Scott Weiss
The proem to Lucan’s Pharsalia stands out within the epic tradition which frames it. Malcovati 1951 and Conte 1966 have demonstrated its engagement with the Aeneid and Iliad, but in many ways it deviates from the norms established by these models. In particular, its paratactic syntax departs markedly from Vergil’s periodic structure; instead of a coherent overview of the trajectory of the epic, we are treated to a rapid torrent of phrases representing the horrors of civil war. Even in antiquity, readers struggled with Lucan’s aesthetic choices; Fronto famously declared the entire seven-line proem to be an unnecessary elaboration on the phrase bella plus quam civilia. The words plus quam, however, profoundly express the excesses of the poem, not only of its subject but also of its very language (Henderson 1987: 135).
In order to explore the dynamics of Lucan’s ornamental poetics, it is productive to read his proem with and against a similar passage from his uncle Seneca, whom Fronto also targeted for gratuitous verbiage. Scholars have long identified the Phoenissae as a relevant intertext for the insatiability of Lucan’s civil war (cf. Phoen. 354-6; Conte 1966: 49–50; Ahl 1976: 313; Häußler 1978: 69), but I focus on the Thyestes, another text that Seneca composed at roughly the same time that Lucan wrote his Pharsalia. At the opening of the play, a Fury goads the shade of Tantalus to torment on the house of the Atreus (23-67). Along with the theme of fraternal conflict, the passage shares language and imagery with Lucan’s proem. Seneca’s bella trans pontum (43b) finds correspondence in Lucan’s bella per… campos (1.1), which were of course trans pontum from Rome. In dialogue with the destruction of fas, fides, and ius that Seneca depicts (47-8), Lucan offers (in reverse order) iusque datum sceleri (1.2), rupto foedere (1.4), and commune nefas (1.6).

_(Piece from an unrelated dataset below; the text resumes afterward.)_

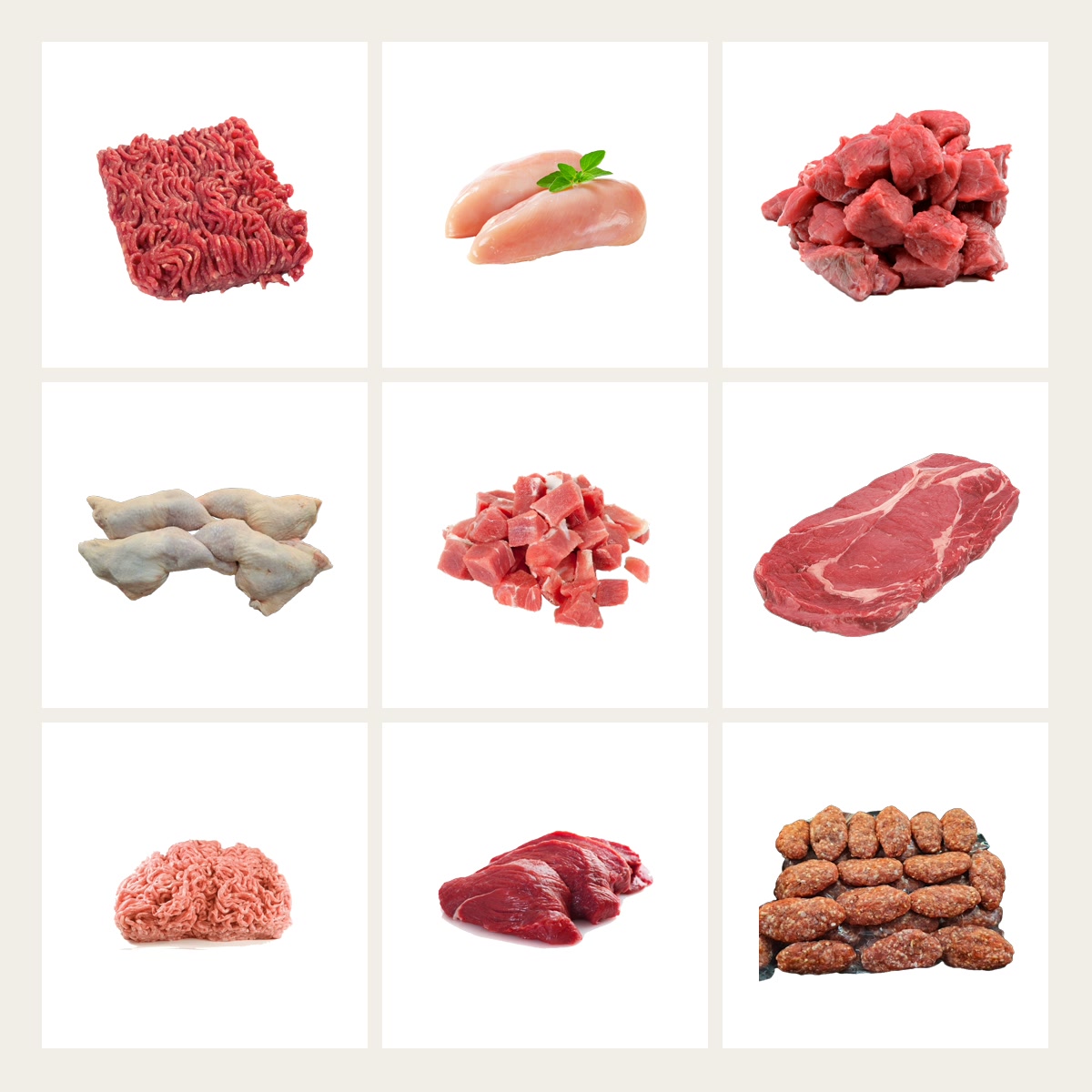 Halal familiepakket met rundergehakt, kipfilet, kippenpoten, lamsvlees in blokjes en köfte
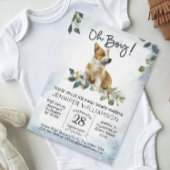 Jongen! Corgi Puppy Modern Waterverf Baby shower Kaart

This paper argues for not only stylistic affinities between Seneca and Lucan but also a shared discourse surrounding their ornamental strategies of composition. My argument rests not so much on an intertextual reading of these common images as on the compositional strategies that both passages pursue. Both openings unleash verbal onslaughts of parataxis that explore the meaning and value of ornamental language. Just as plus quam describes both the civil war’s transgression of ethical boundaries and the Pharsalia’s breach of the aesthetic barriers of conventional epic, the Fury’s speech demands crime piled on crime through a sequence of sententiae and rhetorical devices. Form meets function in the composition as the overcrowding of violence and depravity mirrors the poetry stuffed with decorative language. The ornamental implications of Fury’s words reach a metaliterary climax as she envisions the horrors spreading beyond the house of Atreus into the heavens and the rest of the universe. She deploys the word mundus to denote both heavens and the universe. Like κόσμος, however, mundus may also mean ornament, a sense that seems operative in the phrase debitum mundo decus (50) (Cini 1974: 66–67; Tarrant 1985: 95). The celestial bodies decorate the universe with their light in the traditional terms of ornament as a tool to impose order on a system. Here, however, the Fury’s highly ornate language dismantles that notion and advocates for robbing the universe of its well-ordered design. As she calls for the palace to be festively adorned (54: ornetur altum columen) in order to make it an ideal setting for the sinister crime to take place, it becomes clear that the text has perverted ornament as a tool for chaos rather than order. The aesthetic principles that underlie the poetics of plus quam are fundamentally ornamental in nature. With language that simultaneously occupies the roles of ergon and parergon, this aesthetic positions literary ornament as the discourse through which it expounds its philosophy of a world surpassing the parameters of representation.